[Short web captions]
§

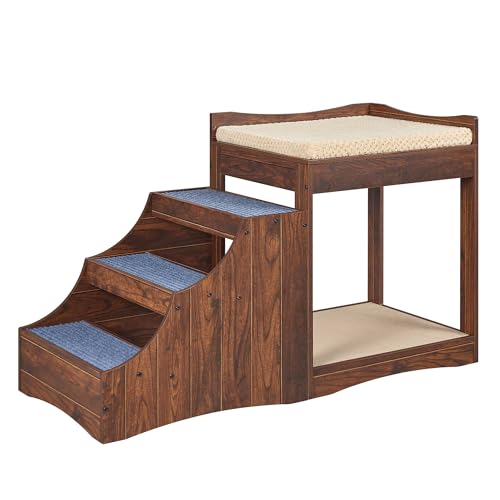 unipaws Etagenbett für Haustiere mit abnehmbarer Treppe unipaws Etagenbett für Haustiere mit abnehmbarer Treppe von unipaws
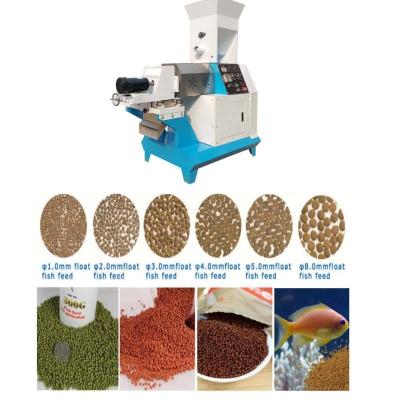 China Dry Type Single Screw Fish Pet Feed Extruder For Small Business And Farm Use Te koop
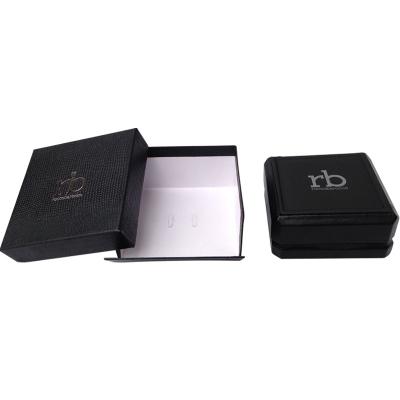 China Custom Printed Leather+Velvet+Paper Luxury Small Storage Packaging Gift Leather Jewelry Box With Logo for sale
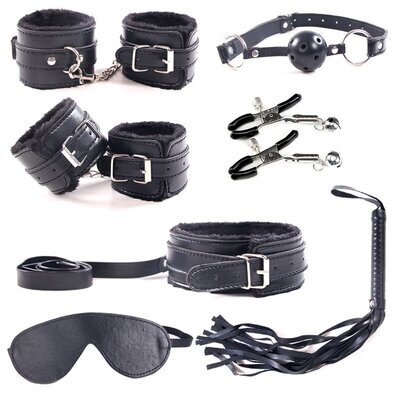 Black BDSM 7 Pcs​ Sex Set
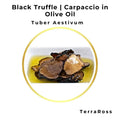 Tranches de carpaccio de truffe noire à l'huile d'olive pour cuisines professionnelles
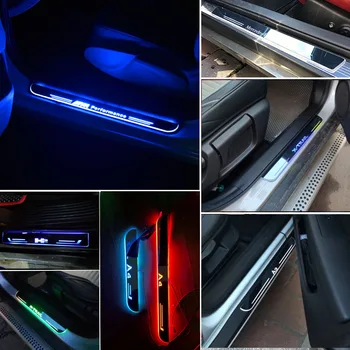 LED Durvis, Palodzes Noskatīties Gaismas Audi A5 Sportback 2009. - 2020. Gadam Akrila Durvis, Palodzes Pretnodiluma Plāksnes Auto Uzlīme Piederumi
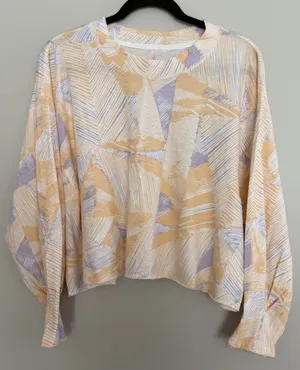 Free People Movement Inspire Layer Top Spectrum Beach Day Combo Size Medium thumbnail 1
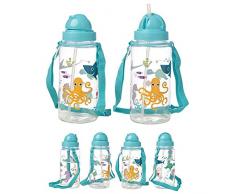 Puckator Fun Sealife Wasserflasche, Mehrfarbig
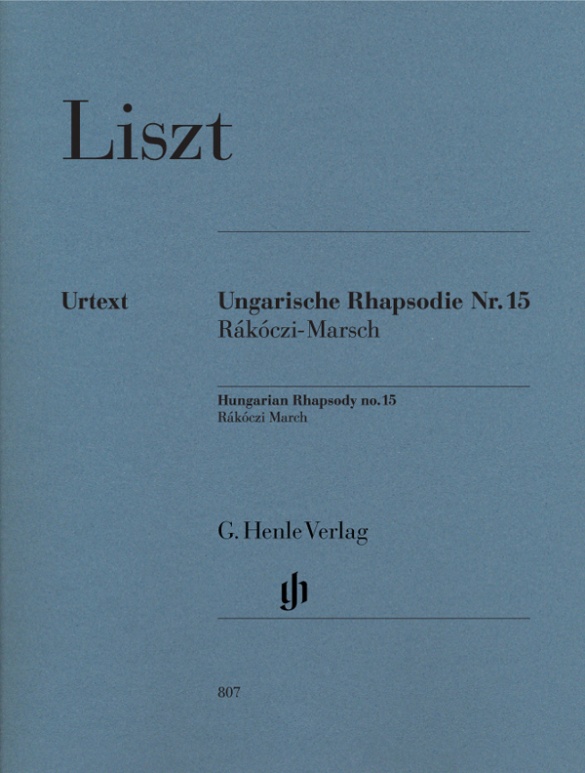 LISZT - UNGARISCHE RHAPSODIE NR.15 RÁKÓCZI-MARSCH FÜR KLAVIER URTEXT (HERTTRICH)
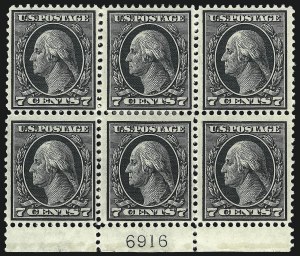 Sale 1077, Lot 253, 1912-15 Washington-Franklin Issues (Scott 405-461)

§

== Exercise details ==
Would you transcribe, exactly and only, the lines from the one that contains "Free People Movement" through the last line of the data above, without any pictures?

== Response box ==
 Free People Movement Inspire Layer Top Spectrum Beach Day Combo Size Medium thumbnail 1
 Puckator Fun Sealife Wasserflasche, Mehrfarbig
 LISZT - UNGARISCHE RHAPSODIE NR.15 RÁKÓCZI-MARSCH FÜR KLAVIER URTEXT (HERTTRICH)
 Sale 1077, Lot 253, 1912-15 Washington-Franklin Issues (Scott 405-461)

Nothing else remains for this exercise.